Open zandarina1 opened 1 year ago
Hello @zandarina1,
I think that your problem comes from the misuse of numpy.ravel
which flattens the NumPy arrays:
https://numpy.org/doc/stable/reference/generated/numpy.ravel.html#numpy.ravel
Taking inspiration from: https://tslearn.readthedocs.io/en/stable/auto_examples/clustering/plot_kmeans.html#sphx-glr-auto-examples-clustering-plot-kmeans-py I have written the following code:
import numpy
import matplotlib.pyplot as plt
import numpy as np
from tslearn.clustering import TimeSeriesKMeans
from tslearn.datasets import CachedDatasets
from tslearn.preprocessing import TimeSeriesScalerMeanVariance, \
TimeSeriesResampler
seed = 0
numpy.random.seed(seed)
X_train, y_train, X_test, y_test = CachedDatasets().load_dataset("Trace")

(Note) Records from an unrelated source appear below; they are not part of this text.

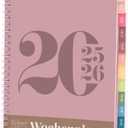 Rileys & Co 2025 Simple Weekly Planner - Annual Weekly & Monthly Agenda Planner, Jan - Dec 2025, Hardbound Cover, Notes Pages, Twin-Wire Binding (8.5 x 11-Inches, Green, Pink 2, Grey) 4 PCS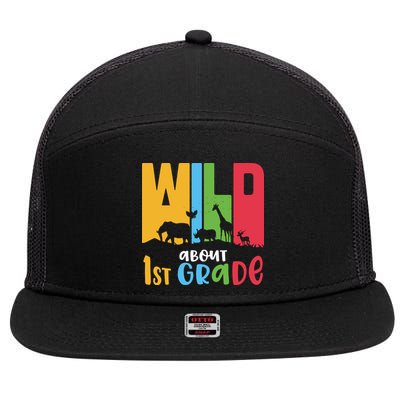 Team First Grade Wild About First Grade Back To School 7 Panel Mesh Trucker Snapback Hat
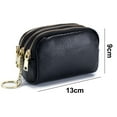thumbnail image 2 of Monedero de cuero con cremallera para mujer, monedero de triple capacidad, monedero pequeño de viaje con llavero Adepaton BST3005542-1, 2 of 7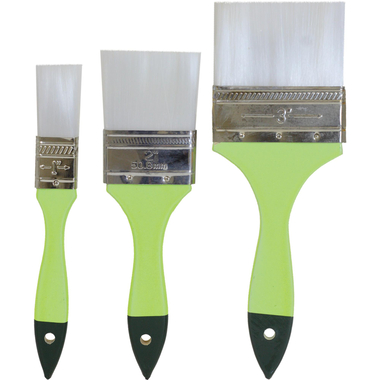 Short Handle Artist Brush, Gold Nylon, Wide, Multipurpose, 1", 2", 3", 3 Pieces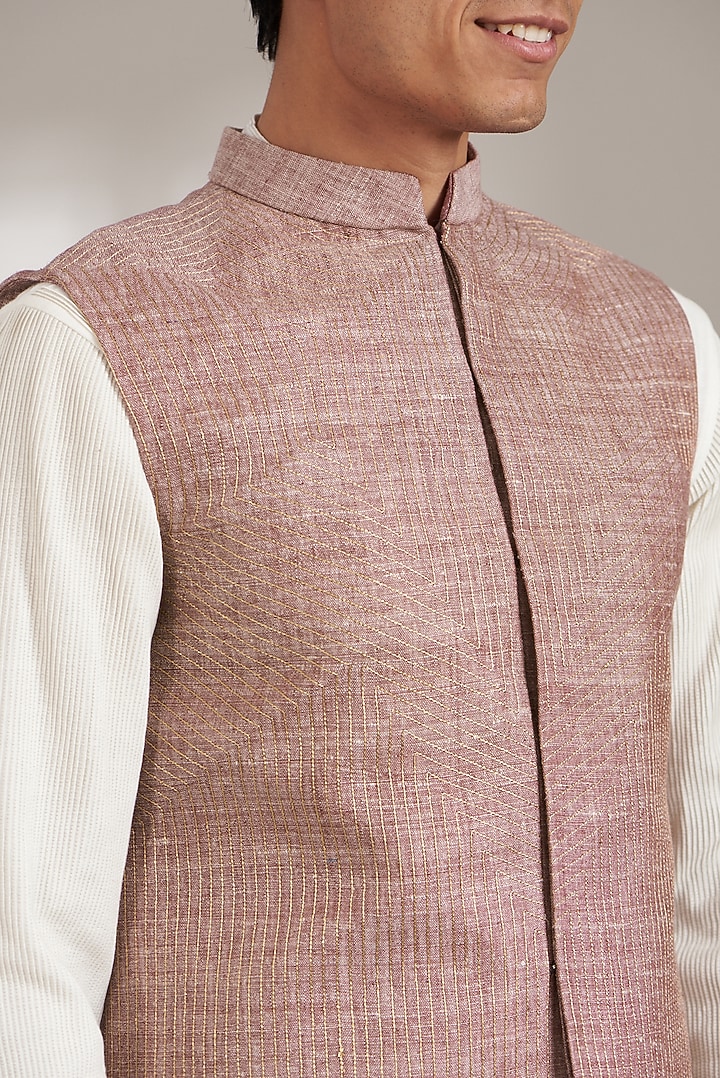 Taupe Pink Handloom Silk Bundi Jacket Set by Soniya G Men at Pernia's Pop Up Shop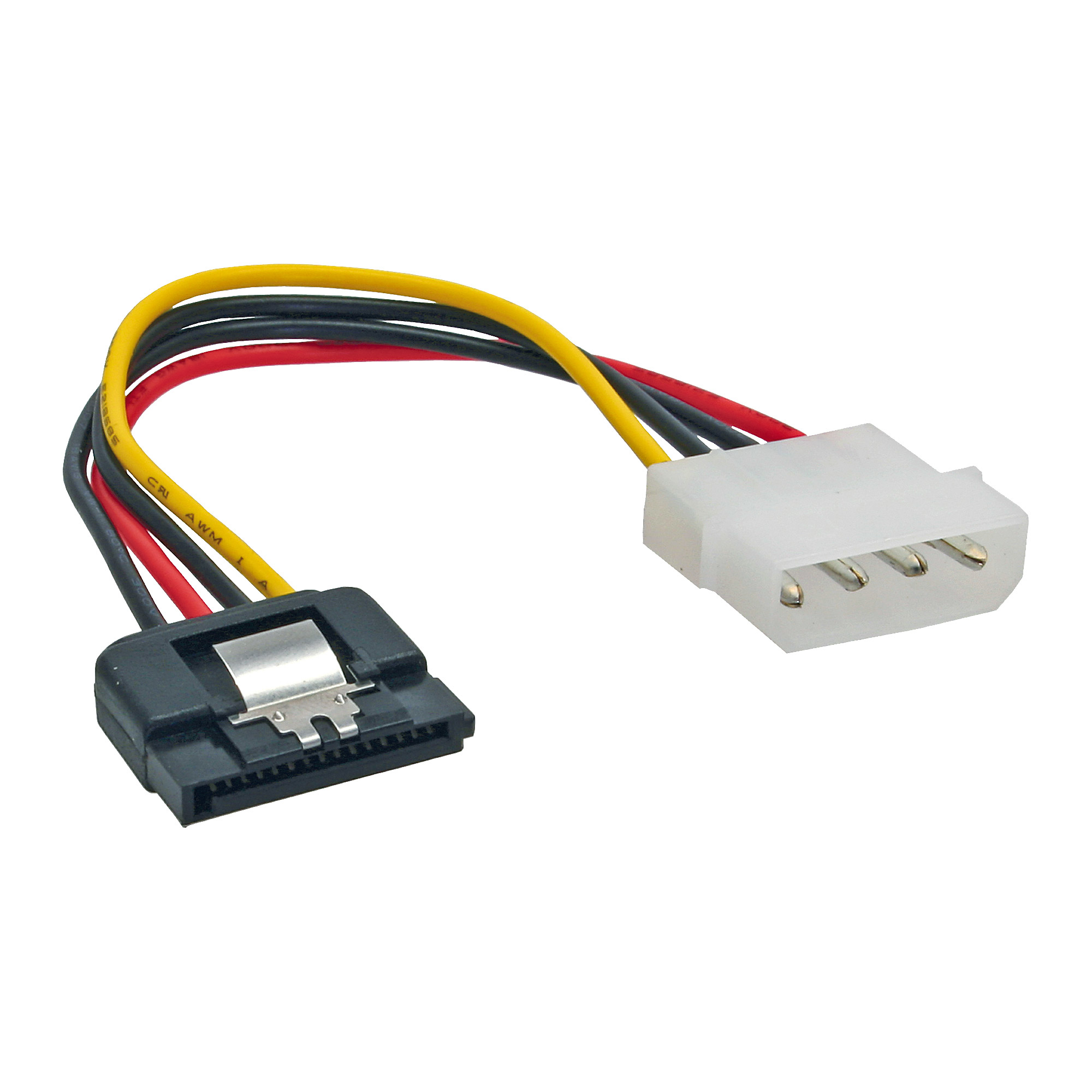 Mini Sata Power InLine SATA Power Adapter Cable 4pin Molex / 15pin SATA with latch 0.15m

print(X_train.shape) # (100, 275, 1)
X_train = np.concatenate([X_train, - X_train], axis=2)
print(X_train.shape) # (100, 275, 2)
X_train = X_train[y_train < 4] # Keep first 3 classes
numpy.random.shuffle(X_train)
# Keep only 50 time series
X_train = TimeSeriesScalerMeanVariance().fit_transform(X_train[:50])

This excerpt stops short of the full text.